Enlightenment Movement Graveyard, Hundreds of Hazara students killed in a series of targeted attacks are buried in this graveyard.

Blood-Soaked Pines: The Ordeals of Finding Hajar

The title of this report mentions Pines–referencing the Persian word, Kaaj, meaning ‘pine trees’—the name of an educational center in western Kabul. On September 30th, 2022, a targeted attack killed 59 and injured 126 others at the educational center. Most victims were teenage girls from the Hazara ethnic community. In this report, we profile Hajar’s story, who lost her life that day. This report is based on interviews and information provided by Hajar’s sisters, Parvaneh Mohammadi and Sara Mohammadi, and her cousin, Nooria Mohammadi. 

By: Kazim Ehsan

On September 30th, 2022, at around eight o’clock in the morning, Hajar’s sisters, Sara, and Parvaneh were having breakfast, doing the usual household chores, and getting ready to do their homework before going to school.

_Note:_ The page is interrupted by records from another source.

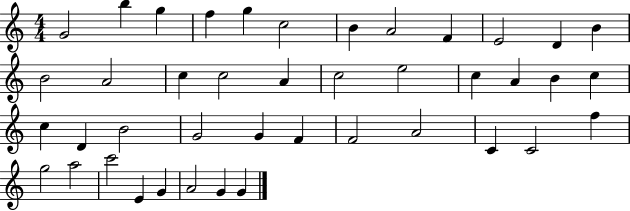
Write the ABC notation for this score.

X:1
T:Untitled
M:4/4
L:1/4
K:C
G2 b g f g c2 B A2 F E2 D B B2 A2 c c2 A c2 e2 c A B c c D B2 G2 G F F2 A2 C C2 f g2 a2 c'2 E G A2 G G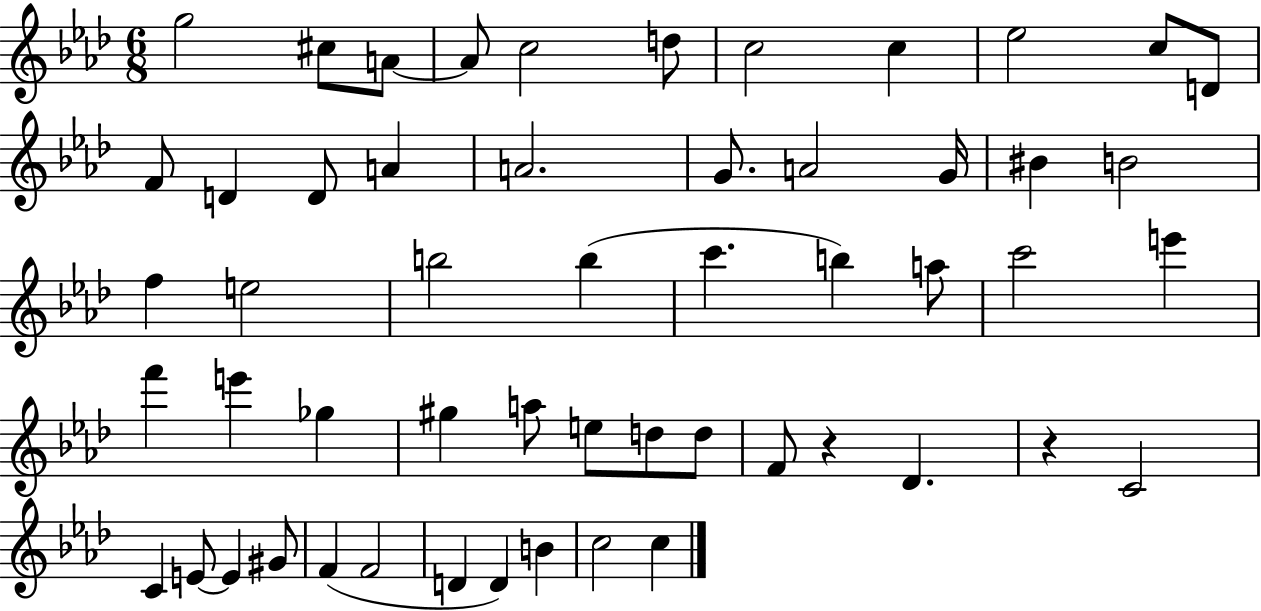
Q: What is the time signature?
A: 6/8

Hajar had already gone to Kaaj with her friend, Marzieh. 

Hajar and Marzieh Mohammadi at Kaaj, where both of them were killed two days later. 

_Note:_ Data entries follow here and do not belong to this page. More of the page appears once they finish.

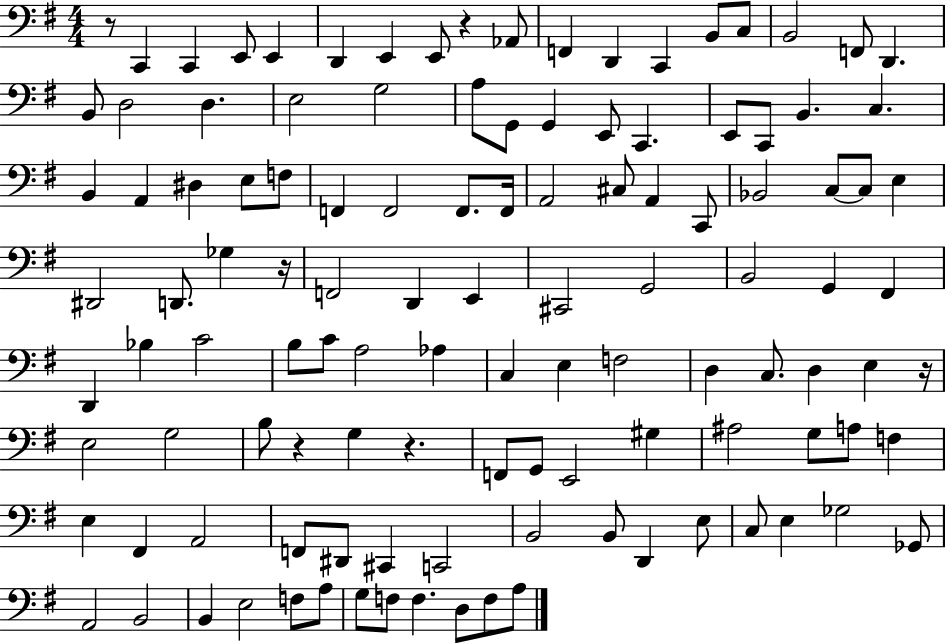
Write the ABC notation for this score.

X:1
T:Untitled
M:4/4
L:1/4
K:G
z/2 C,, C,, E,,/2 E,, D,, E,, E,,/2 z _A,,/2 F,, D,, C,, B,,/2 C,/2 B,,2 F,,/2 D,, B,,/2 D,2 D, E,2 G,2 A,/2 G,,/2 G,, E,,/2 C,, E,,/2 C,,/2 B,, C, B,, A,, ^D, E,/2 F,/2 F,, F,,2 F,,/2 F,,/4 A,,2 ^C,/2 A,, C,,/2 _B,,2 C,/2 C,/2 E, ^D,,2 D,,/2 _G, z/4 F,,2 D,, E,, ^C,,2 G,,2 B,,2 G,, ^F,, D,, _B, C2 B,/2 C/2 A,2 _A, C, E, F,2 D, C,/2 D, E, z/4 E,2 G,2 B,/2 z G, z F,,/2 G,,/2 E,,2 ^G, ^A,2 G,/2 A,/2 F, E, ^F,, A,,2 F,,/2 ^D,,/2 ^C,, C,,2 B,,2 B,,/2 D,, E,/2 C,/2 E, _G,2 _G,,/2 A,,2 B,,2 B,, E,2 F,/2 A,/2 G,/2 F,/2 F, D,/2 F,/2 A,/2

The doorbell rings, catching Parvaneh by surprise. She hesitates to answer the door. The doorbell rings again, this time more intensely. Parvaneh runs to open the gate and sees Onsia, her cousin, whose fallen countenance is filled with anxiety.

Is everything all right? Parvaneh asks.

Onsia, panting, starts speaking with a broken voice, “Hurry! there has been a huge explosion at Kaaj Educational Center. Dozens or maybe a hundred are killed. I tried calling Marzieh and Hajar, but their cell phone is switched off.”

Parvaneh informs her older sister about the explosion and rushes to visit the blast site at Kaaj along with Marzieh’s sister, Onsia. After they arrive at Kaaj, they find hundreds of people gathered. 

One looks for his sister, another for his daughter, and someone looks for his brother. Everyone seems to be looking for their family member.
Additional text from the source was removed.